WHAT THE EXERCISE ASKS:
From the line that holds "Sawsbuck NM IR" to the last line below, retype everything exactly and nothing else; omit pictures.

RECORDED INFORMATION:
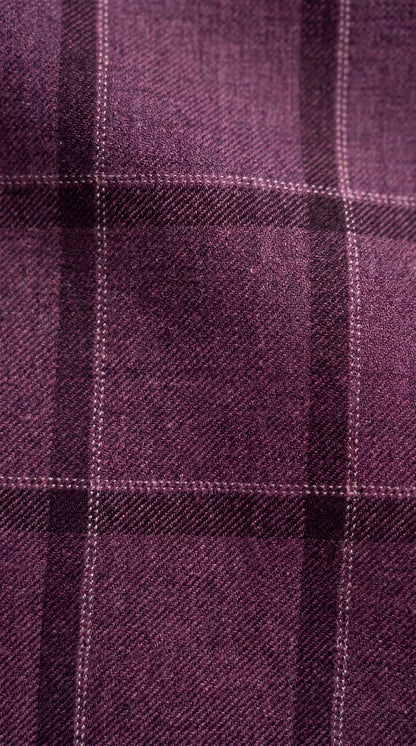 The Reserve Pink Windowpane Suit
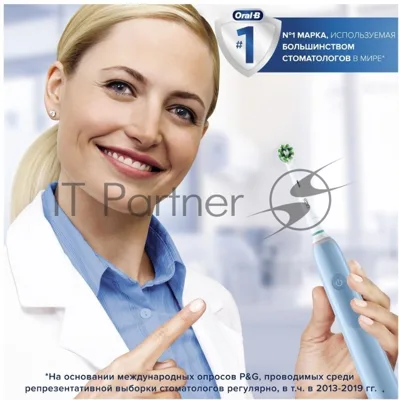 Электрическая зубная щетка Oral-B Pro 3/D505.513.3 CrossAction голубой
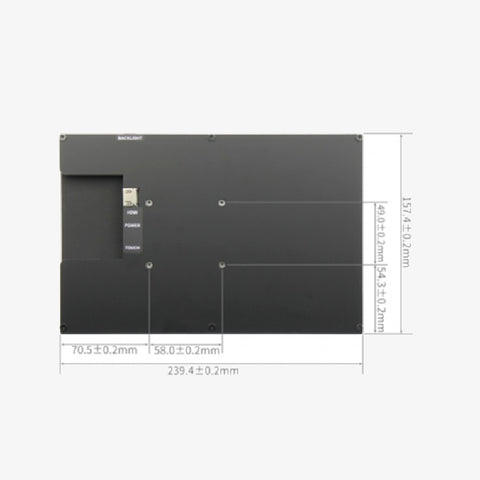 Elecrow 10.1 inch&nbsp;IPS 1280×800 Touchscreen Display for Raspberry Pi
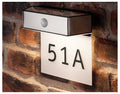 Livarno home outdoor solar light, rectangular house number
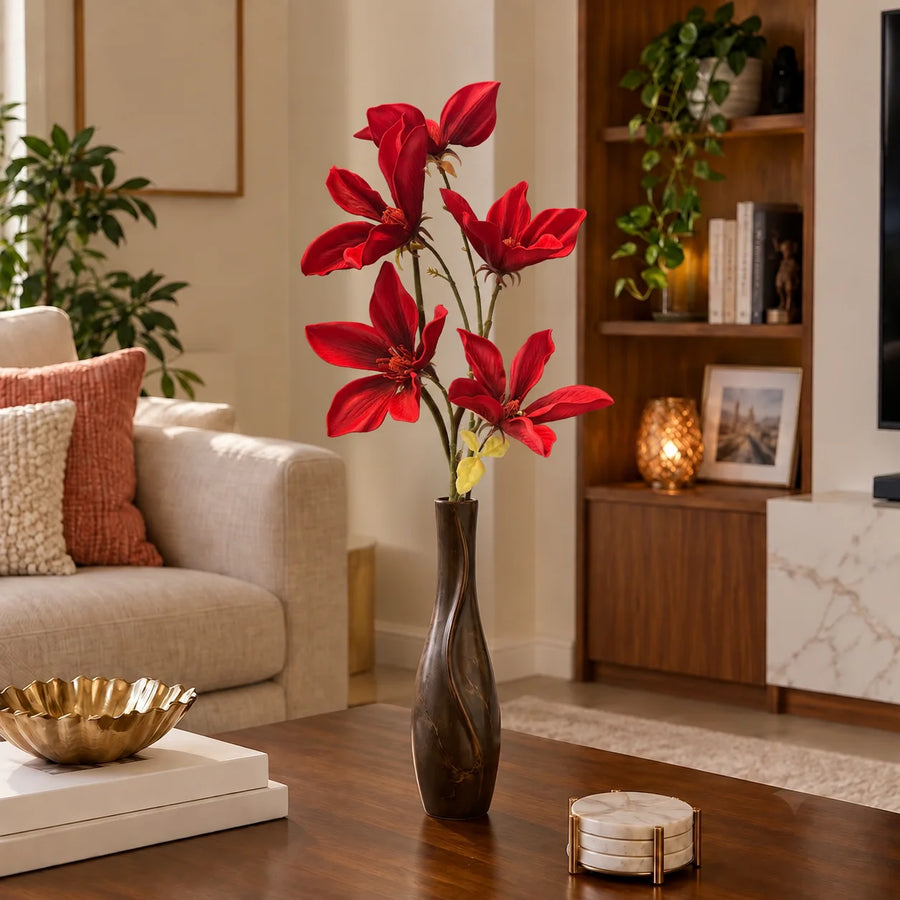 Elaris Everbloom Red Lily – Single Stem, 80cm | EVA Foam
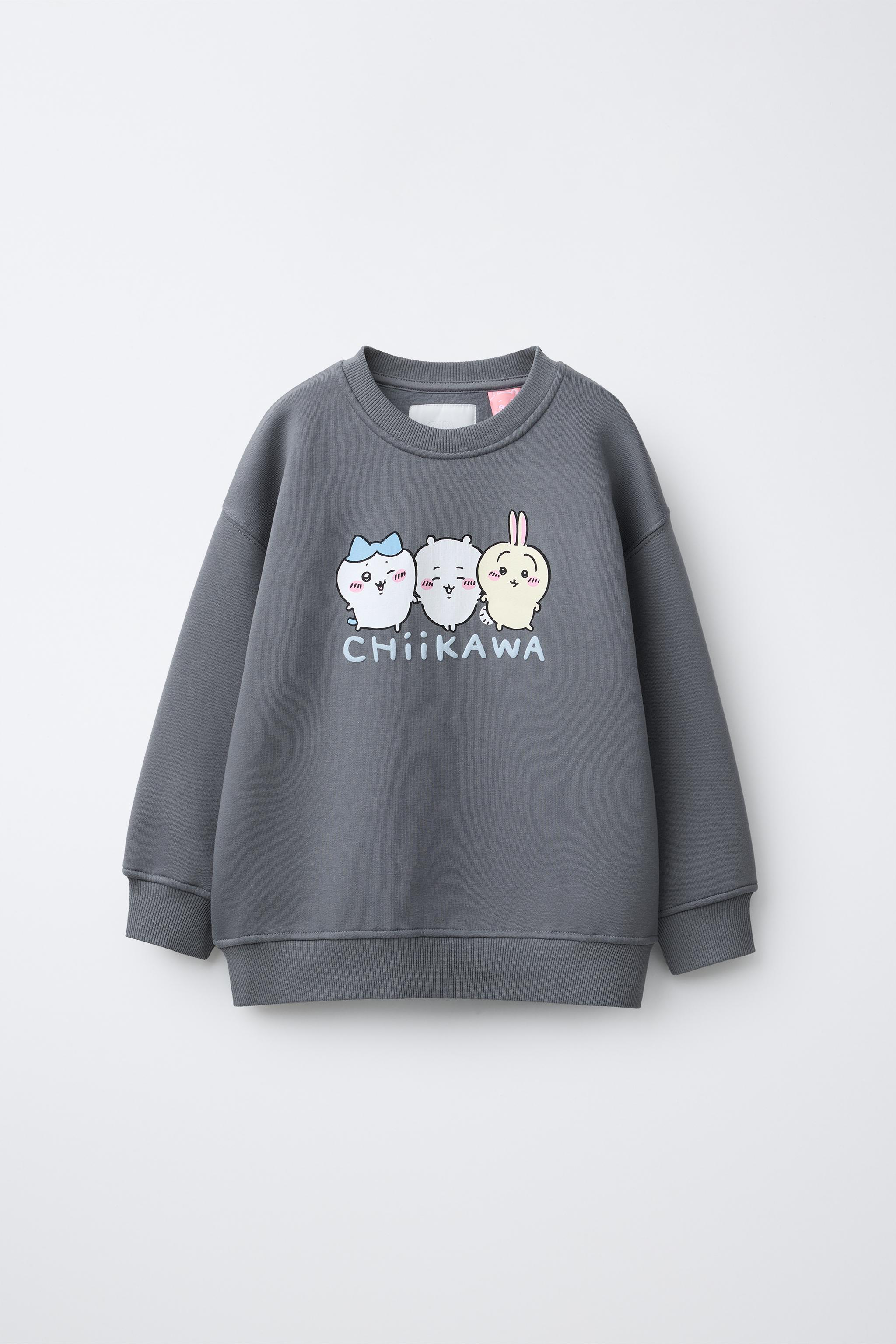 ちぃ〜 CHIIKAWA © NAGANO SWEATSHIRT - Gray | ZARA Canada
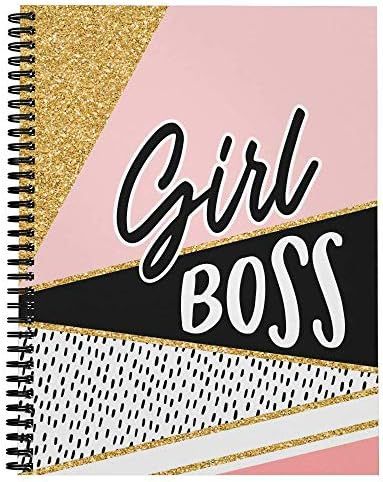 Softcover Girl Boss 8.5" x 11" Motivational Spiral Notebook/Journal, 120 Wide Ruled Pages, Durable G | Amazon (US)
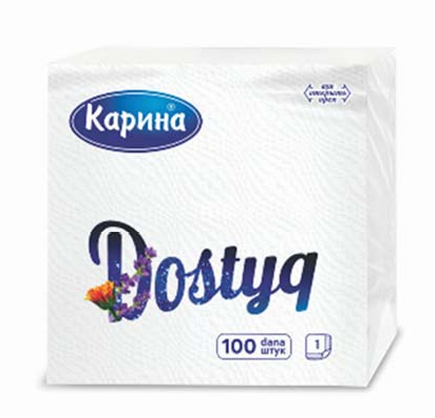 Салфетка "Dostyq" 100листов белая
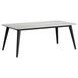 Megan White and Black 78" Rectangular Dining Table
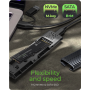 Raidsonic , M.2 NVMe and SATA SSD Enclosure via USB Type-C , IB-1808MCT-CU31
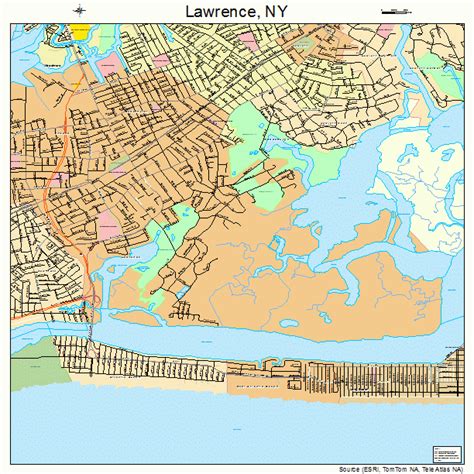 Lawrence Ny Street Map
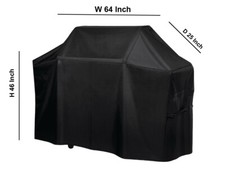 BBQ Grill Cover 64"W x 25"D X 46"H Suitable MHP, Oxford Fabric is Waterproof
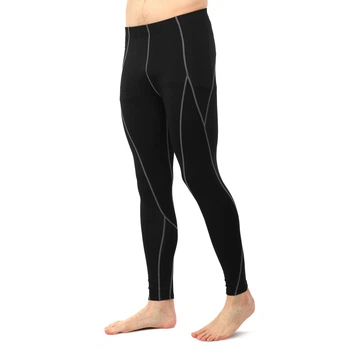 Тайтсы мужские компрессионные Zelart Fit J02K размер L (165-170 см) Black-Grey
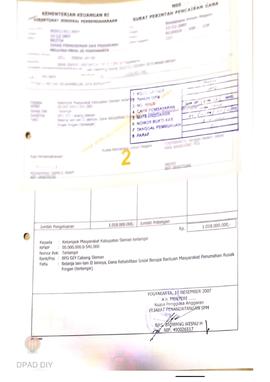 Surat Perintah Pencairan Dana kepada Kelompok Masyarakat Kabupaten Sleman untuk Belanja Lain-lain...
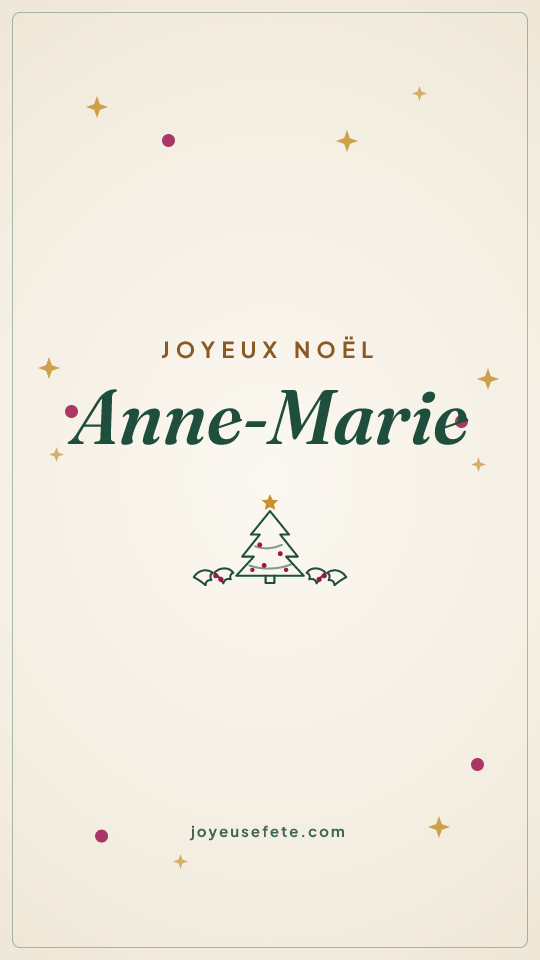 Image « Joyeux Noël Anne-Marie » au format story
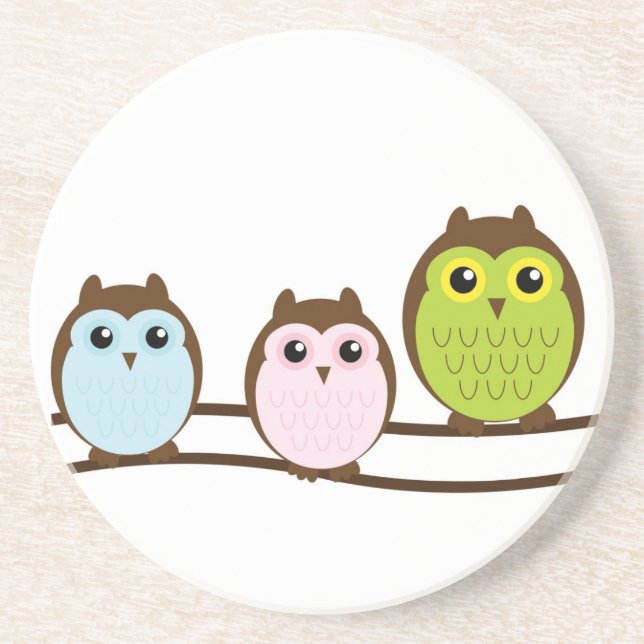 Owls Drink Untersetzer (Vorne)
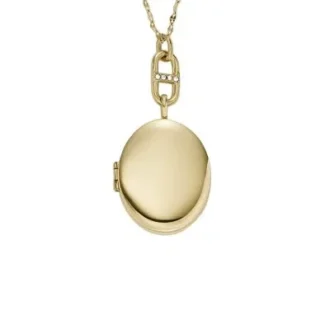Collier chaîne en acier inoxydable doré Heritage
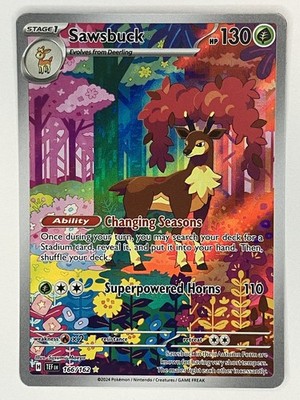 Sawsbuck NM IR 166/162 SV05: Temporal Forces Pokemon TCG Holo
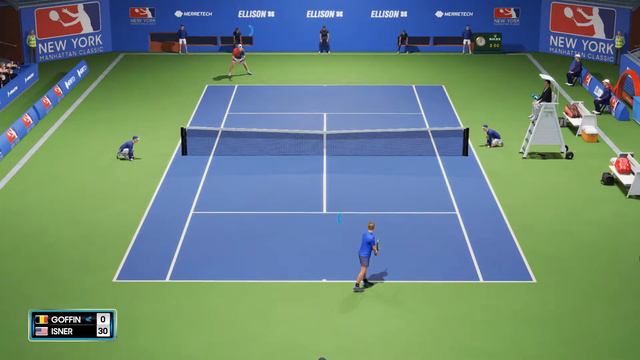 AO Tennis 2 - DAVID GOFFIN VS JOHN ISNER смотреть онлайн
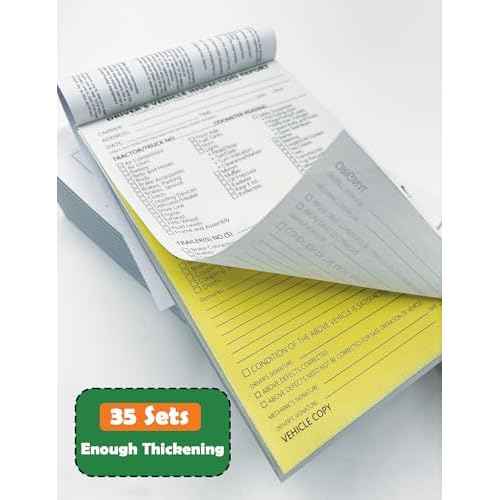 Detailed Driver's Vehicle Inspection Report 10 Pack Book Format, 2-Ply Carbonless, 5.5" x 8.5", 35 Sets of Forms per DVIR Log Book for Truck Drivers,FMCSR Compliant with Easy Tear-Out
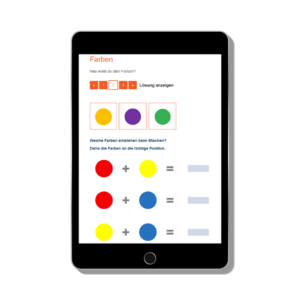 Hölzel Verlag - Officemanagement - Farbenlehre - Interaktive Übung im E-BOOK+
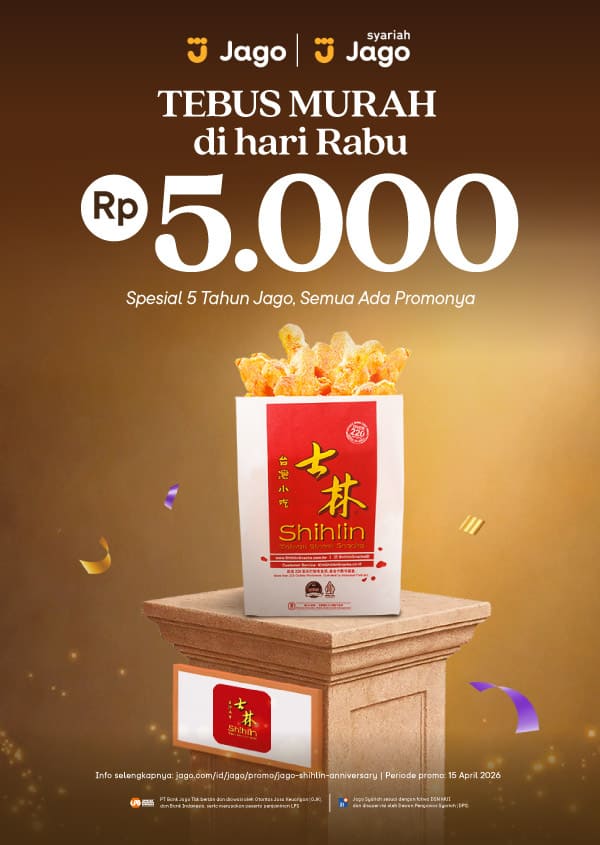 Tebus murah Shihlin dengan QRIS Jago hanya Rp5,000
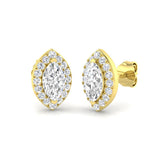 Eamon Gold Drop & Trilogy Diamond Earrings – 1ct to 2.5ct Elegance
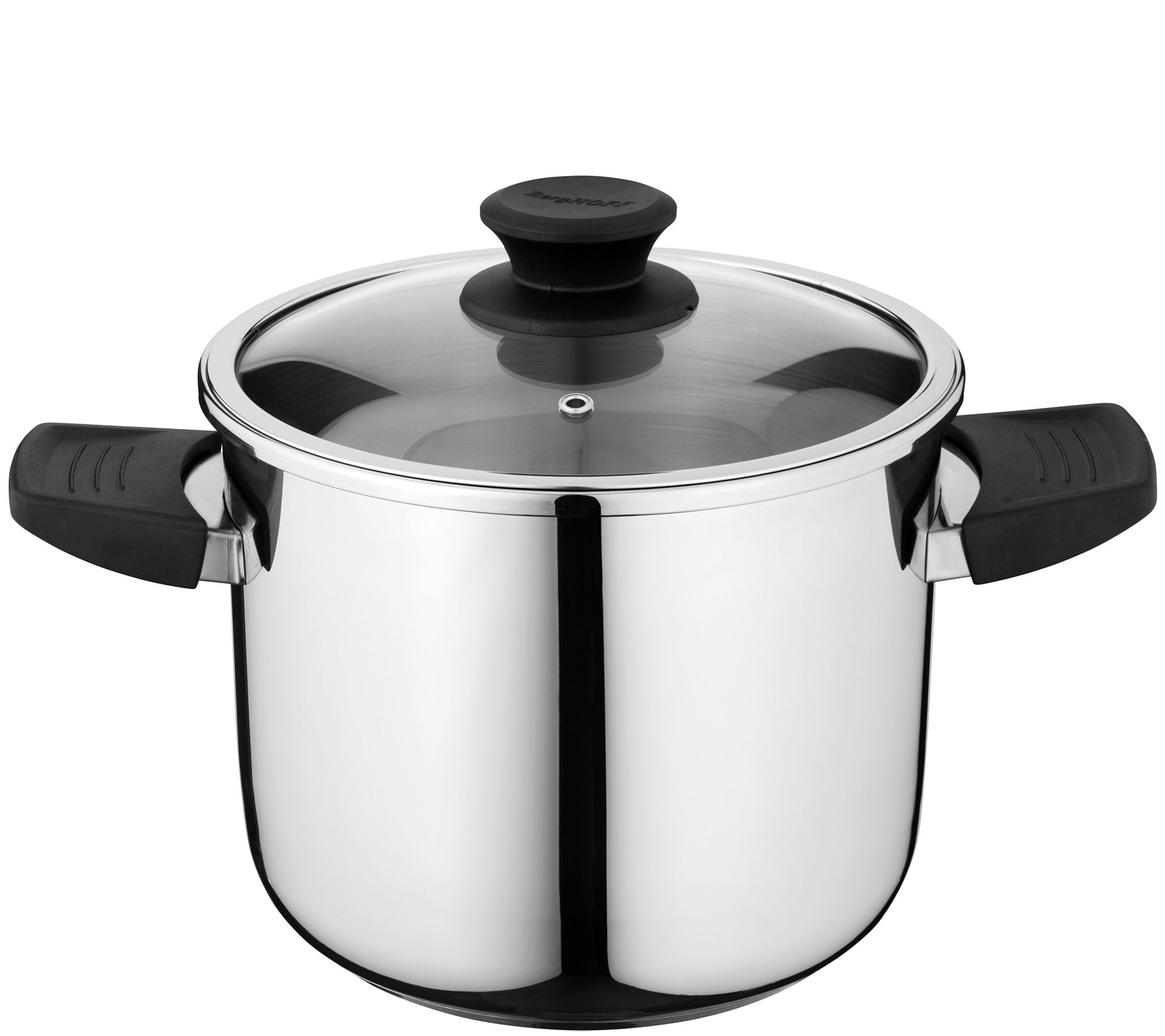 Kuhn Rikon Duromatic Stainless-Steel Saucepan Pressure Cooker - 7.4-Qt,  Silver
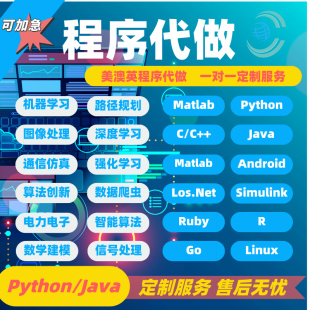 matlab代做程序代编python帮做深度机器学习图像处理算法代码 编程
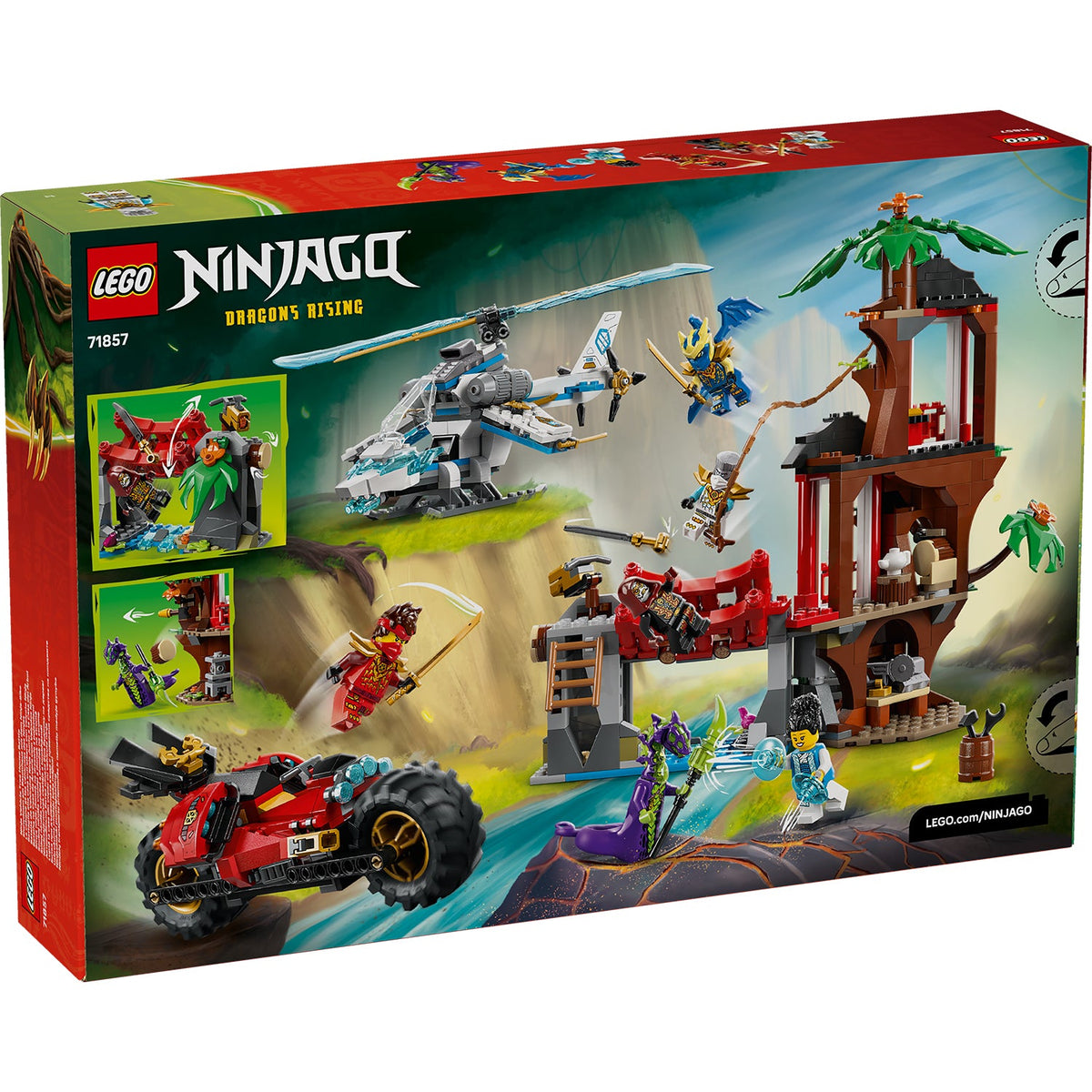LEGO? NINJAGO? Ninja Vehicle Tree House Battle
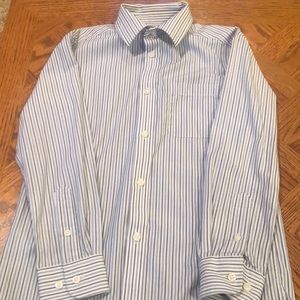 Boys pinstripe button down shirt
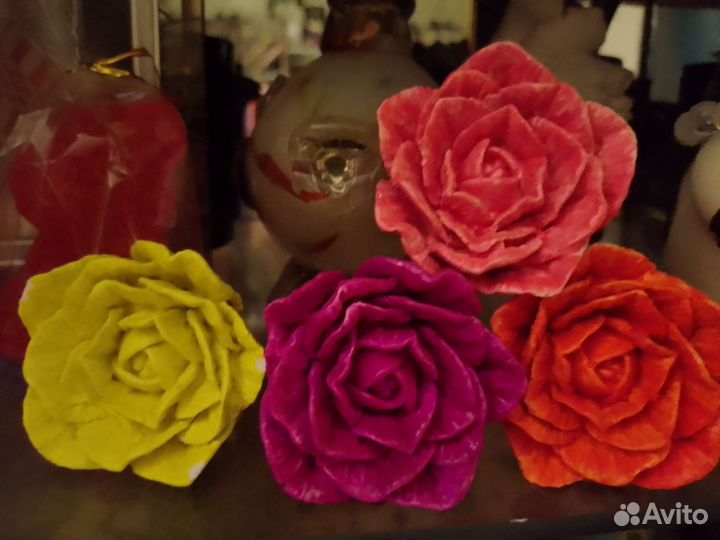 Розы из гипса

ANSWER SPACE:
 Sawsbuck NM IR 166/162 SV05: Temporal Forces Pokemon TCG Holo
 AO Tennis 2 - DAVID GOFFIN VS JOHN ISNER смотреть онлайн
 Detailed Driver's Vehicle Inspection Report 10 Pack Book Format, 2-Ply Carbonless, 5.5" x 8.5", 35 Sets of Forms per DVIR Log Book for Truck Drivers,FMCSR Compliant with Easy Tear-Out
 Hölzel Verlag - Officemanagement - Farbenlehre - Interaktive Übung im E-BOOK+
 Tebus murah Shihlin dengan QRIS Jago hanya Rp5,000
 Eamon Gold Drop & Trilogy Diamond Earrings – 1ct to 2.5ct Elegance
 Kuhn Rikon Duromatic Stainless-Steel Saucepan Pressure Cooker - 7.4-Qt,  Silver
 matlab代做程序代编python帮做深度机器学习图像处理算法代码 编程
LEGO? NINJAGO? Ninja Vehicle Tree House Battle
 Boys pinstripe button down shirt
 Розы из гипса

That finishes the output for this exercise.